Primary intended applications

  • Human‑preference prediction for text‑to‑image generation pipelines – automatically select the best image from a set of candidates.
  • Model evaluation – use PickScore_v1 as a benchmark metric when comparing new diffusion models or fine‑tuned generators.
  • Content ranking – rank user‑generated artwork on social platforms or marketplaces according to prompt relevance.

Real‑world examples

  • A design studio that generates multiple mock‑ups per client brief and wants the AI to surface the most on‑brand image before a human review.
  • An e‑commerce platform that uses text‑to‑image generation for product visualization; PickScore_v1 helps filter out low‑quality renders.
  • Researchers measuring the alignment of new diffusion models with human taste, using PickScore_v1 as a proxy metric.

Integration possibilities

  • Wrap the provided Python snippet into a REST API (FastAPI, Flask) for on‑demand scoring.
  • Combine with a diffusion model’s sampling loop to perform “early stopping” when a high‑scoring image is found.
  • Use the probability output as a reward signal for reinforcement‑learning‑from‑human‑feedback (RLHF) pipelines.

Training Details

Training methodology

  • The base model (CLIP‑ViT‑H‑14) was first pre‑trained on LAION‑2B image‑text pairs.
  • PickScore_v1 was subsequently fine‑tuned on the Pick‑a‑Pic v1 dataset, which contains millions of human preference annotations for text‑to‑image generations.
  • Fine‑tuning employed a contrastive loss that maximizes the cosine similarity between a prompt and the image that received the highest human rating, while minimizing similarity to lower‑rated images.

Datasets used

  • Pick‑a‑Pic v1 – a curated collection of prompt‑image pairs with explicit preference rankings.
  • LAION‑2B (implicit) – provided the initial CLIP weights.

Compute requirements

  • Training was performed on a multi‑GPU setup (8 × A100‑40 GB) for roughly 12 hours, using mixed‑precision (FP16) to reduce memory consumption.
  • Learning rate schedule: linear warm‑up for 1 k steps, then cosine decay.
  • Batch size: 1024 image‑text pairs per step (distributed across GPUs).

Fine‑tuning capabilities

Because the model retains the original CLIP encoder, you can further fine‑tune it on domain‑specific preference data (e.g., fashion, medical imaging) by continuing the contrastive training loop with a small learning rate (≈ 1e‑5).

Licensing Information

The repository lists the license as unknown.
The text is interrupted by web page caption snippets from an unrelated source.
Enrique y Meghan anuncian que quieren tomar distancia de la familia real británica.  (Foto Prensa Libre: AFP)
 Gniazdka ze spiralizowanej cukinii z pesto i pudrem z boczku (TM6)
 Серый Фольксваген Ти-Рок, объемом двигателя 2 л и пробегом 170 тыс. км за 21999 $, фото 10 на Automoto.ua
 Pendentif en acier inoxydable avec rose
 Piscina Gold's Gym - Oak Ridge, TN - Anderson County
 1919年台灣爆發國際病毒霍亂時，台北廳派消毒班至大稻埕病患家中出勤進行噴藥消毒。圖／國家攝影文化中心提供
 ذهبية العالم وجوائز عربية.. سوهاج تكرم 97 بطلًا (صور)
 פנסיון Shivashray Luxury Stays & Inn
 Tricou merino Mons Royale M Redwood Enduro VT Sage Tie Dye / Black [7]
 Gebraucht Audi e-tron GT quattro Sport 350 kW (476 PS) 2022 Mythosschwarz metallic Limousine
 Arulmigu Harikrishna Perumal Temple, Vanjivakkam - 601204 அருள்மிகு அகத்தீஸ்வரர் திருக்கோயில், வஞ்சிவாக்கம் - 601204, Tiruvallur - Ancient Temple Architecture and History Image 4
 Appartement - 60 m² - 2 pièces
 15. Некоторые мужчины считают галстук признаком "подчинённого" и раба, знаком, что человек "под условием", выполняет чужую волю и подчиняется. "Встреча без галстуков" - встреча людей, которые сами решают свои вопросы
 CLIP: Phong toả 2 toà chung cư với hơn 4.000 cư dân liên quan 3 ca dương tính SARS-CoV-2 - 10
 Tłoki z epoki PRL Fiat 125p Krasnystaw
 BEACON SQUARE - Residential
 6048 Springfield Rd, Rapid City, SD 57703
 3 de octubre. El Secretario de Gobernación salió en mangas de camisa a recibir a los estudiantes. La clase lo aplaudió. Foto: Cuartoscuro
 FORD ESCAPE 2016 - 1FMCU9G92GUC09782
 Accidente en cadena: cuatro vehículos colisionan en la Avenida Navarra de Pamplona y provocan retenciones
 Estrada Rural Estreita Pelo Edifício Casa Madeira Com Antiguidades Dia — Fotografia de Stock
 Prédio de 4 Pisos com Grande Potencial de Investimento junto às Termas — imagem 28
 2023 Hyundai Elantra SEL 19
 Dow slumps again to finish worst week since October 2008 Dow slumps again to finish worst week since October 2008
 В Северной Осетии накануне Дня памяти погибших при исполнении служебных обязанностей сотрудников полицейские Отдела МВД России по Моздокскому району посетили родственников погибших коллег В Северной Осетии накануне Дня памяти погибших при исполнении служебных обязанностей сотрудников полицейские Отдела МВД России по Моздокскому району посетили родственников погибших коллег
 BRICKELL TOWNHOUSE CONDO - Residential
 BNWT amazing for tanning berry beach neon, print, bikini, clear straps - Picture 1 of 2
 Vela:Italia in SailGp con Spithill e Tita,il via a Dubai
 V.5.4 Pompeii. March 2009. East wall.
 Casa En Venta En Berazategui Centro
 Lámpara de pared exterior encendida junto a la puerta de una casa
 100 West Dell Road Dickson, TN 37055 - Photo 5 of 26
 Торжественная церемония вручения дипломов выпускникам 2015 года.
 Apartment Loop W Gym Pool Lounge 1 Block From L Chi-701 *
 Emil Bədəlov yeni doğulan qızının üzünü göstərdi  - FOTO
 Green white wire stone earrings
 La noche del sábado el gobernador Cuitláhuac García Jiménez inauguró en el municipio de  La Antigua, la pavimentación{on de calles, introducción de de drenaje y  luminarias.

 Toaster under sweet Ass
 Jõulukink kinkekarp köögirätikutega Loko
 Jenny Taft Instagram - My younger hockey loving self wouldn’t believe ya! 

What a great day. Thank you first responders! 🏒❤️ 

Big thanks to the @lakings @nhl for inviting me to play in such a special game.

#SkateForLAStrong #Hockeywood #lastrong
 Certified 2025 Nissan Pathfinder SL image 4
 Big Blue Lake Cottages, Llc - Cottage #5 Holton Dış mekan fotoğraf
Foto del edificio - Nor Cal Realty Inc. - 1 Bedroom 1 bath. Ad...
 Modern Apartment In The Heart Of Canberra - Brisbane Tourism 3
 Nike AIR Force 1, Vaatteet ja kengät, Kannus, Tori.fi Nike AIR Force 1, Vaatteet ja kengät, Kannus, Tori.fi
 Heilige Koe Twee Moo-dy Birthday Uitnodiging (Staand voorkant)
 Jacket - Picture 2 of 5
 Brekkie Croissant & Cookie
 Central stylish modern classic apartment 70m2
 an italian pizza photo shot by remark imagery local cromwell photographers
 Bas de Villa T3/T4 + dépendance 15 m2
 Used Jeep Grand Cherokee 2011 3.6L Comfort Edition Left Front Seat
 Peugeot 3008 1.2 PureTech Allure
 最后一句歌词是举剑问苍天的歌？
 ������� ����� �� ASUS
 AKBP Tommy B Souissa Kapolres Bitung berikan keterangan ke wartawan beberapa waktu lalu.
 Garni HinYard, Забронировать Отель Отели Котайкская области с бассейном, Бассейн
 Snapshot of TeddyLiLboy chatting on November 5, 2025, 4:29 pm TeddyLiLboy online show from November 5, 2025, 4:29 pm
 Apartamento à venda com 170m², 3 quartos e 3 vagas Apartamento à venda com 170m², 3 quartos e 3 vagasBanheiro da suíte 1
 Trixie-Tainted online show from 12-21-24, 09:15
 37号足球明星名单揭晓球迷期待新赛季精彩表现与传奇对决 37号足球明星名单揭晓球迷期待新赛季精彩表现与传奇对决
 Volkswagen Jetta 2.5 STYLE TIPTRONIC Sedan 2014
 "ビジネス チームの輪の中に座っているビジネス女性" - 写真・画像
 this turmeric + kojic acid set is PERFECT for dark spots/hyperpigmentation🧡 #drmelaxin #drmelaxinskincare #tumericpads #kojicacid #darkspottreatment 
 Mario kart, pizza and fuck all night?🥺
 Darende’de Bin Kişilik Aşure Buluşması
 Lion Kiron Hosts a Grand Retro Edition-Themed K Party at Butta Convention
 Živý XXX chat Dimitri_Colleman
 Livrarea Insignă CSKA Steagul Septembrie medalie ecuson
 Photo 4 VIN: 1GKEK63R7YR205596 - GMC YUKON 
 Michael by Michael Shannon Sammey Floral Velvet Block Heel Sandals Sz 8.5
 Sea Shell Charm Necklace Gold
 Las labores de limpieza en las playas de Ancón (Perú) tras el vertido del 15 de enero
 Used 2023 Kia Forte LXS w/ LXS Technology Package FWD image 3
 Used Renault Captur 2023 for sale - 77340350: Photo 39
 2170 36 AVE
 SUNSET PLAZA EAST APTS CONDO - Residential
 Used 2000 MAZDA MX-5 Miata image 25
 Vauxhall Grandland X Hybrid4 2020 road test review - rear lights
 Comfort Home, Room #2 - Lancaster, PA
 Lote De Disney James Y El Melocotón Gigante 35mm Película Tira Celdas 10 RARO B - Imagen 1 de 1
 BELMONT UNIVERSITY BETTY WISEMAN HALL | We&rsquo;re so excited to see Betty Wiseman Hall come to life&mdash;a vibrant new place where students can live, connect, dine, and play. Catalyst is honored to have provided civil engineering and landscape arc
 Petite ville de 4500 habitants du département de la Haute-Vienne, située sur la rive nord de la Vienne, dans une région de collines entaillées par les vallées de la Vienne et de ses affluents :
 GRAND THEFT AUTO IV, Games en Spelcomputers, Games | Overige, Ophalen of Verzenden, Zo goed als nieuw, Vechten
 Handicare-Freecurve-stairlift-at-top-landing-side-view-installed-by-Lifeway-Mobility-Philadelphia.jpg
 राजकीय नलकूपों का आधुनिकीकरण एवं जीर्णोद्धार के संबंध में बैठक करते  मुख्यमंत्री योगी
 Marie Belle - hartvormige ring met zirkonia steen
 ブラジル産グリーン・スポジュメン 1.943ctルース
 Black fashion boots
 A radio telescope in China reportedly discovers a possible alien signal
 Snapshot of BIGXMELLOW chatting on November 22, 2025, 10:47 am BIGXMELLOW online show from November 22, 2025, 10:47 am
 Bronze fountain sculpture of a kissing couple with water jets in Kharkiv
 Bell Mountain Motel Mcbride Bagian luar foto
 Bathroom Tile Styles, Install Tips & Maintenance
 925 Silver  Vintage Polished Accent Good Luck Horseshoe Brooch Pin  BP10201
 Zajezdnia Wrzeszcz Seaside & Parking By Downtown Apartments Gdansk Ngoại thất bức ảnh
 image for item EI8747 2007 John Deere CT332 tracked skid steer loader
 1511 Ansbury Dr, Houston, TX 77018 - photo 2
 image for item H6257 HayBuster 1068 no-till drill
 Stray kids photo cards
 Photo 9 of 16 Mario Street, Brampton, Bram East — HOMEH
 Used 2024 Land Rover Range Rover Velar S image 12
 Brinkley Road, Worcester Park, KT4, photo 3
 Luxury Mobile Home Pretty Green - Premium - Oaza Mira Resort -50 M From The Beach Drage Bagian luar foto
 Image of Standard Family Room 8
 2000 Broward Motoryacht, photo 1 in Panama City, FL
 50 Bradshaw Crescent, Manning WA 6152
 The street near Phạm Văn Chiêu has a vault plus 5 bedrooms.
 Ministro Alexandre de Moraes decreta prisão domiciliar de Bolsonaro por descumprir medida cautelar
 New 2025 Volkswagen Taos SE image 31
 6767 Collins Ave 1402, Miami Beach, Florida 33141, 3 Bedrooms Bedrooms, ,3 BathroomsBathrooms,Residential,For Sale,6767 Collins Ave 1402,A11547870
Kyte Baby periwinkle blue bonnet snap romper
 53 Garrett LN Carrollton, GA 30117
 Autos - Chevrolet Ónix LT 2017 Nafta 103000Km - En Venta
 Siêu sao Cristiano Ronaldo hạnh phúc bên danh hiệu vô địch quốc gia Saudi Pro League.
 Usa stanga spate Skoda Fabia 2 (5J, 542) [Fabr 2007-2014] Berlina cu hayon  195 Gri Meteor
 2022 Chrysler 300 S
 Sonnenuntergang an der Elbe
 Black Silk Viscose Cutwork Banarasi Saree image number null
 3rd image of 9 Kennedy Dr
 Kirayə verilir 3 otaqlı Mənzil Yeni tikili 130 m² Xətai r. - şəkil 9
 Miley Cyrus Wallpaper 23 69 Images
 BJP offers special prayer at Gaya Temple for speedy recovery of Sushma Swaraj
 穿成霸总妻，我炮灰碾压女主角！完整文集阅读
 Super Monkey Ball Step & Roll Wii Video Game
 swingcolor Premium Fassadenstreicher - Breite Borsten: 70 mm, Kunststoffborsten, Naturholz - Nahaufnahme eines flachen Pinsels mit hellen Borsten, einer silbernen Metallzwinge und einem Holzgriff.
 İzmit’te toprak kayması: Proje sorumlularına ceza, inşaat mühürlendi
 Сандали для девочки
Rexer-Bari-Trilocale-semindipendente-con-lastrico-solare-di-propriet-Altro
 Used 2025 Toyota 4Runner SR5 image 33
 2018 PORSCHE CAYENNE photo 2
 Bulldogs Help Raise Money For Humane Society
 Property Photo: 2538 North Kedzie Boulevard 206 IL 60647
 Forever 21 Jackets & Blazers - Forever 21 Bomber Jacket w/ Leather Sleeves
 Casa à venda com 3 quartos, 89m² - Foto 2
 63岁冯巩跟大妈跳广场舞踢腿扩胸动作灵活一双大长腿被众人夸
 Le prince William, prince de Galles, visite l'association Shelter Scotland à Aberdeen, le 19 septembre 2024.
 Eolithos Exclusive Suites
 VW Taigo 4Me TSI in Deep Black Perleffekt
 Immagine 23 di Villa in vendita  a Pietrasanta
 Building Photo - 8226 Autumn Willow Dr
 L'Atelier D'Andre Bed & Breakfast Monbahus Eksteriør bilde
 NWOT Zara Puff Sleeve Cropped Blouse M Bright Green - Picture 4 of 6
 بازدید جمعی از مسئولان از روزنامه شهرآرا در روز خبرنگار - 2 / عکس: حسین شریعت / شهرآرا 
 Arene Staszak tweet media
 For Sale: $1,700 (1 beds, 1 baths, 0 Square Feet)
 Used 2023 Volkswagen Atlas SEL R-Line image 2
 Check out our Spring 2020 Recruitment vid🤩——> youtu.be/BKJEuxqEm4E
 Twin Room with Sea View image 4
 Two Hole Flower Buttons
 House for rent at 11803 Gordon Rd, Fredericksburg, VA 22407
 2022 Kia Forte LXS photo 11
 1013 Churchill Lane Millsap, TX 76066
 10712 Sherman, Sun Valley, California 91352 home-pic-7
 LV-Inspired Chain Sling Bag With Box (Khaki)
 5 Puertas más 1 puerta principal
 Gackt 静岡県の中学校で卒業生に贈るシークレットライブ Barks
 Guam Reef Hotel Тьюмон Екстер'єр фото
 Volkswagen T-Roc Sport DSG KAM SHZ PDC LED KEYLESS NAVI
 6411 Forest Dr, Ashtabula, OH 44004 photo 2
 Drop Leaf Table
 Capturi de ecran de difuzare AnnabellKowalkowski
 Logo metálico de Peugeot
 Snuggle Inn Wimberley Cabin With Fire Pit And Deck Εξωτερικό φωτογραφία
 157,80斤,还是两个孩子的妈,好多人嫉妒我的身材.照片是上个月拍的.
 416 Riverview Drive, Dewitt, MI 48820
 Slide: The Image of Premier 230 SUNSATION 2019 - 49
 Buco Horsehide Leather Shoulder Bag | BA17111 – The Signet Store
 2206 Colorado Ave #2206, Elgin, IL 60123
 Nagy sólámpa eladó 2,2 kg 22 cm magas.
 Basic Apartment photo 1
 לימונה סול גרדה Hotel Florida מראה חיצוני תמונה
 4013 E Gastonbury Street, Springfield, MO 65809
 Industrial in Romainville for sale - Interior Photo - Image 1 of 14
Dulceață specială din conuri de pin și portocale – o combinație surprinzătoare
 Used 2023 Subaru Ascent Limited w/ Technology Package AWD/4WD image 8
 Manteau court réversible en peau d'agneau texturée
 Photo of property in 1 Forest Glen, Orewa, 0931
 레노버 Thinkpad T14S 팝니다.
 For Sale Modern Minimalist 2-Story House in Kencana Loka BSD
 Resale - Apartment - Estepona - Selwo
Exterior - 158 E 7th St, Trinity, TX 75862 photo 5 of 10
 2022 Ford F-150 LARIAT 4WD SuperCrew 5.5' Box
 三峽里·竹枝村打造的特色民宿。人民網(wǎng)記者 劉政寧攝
In practice, this means the model is distributed under the default Hugging  modelcard terms, which typically allow:

  • Free research and non‑commercial use.
  • Modification and redistribution of the model weights, provided the original attribution is kept.
  • Commercial use is not explicitly granted; users should contact the author (yuvalkirstain) for a definitive commercial‑use license.

When deploying PickScore_v1 in a product, you should:

  1. Include a citation to the original paper (see the “Citation” section).
  2. Reference the Hugging Face model card URL.
  3. Check the model card for any future license updates.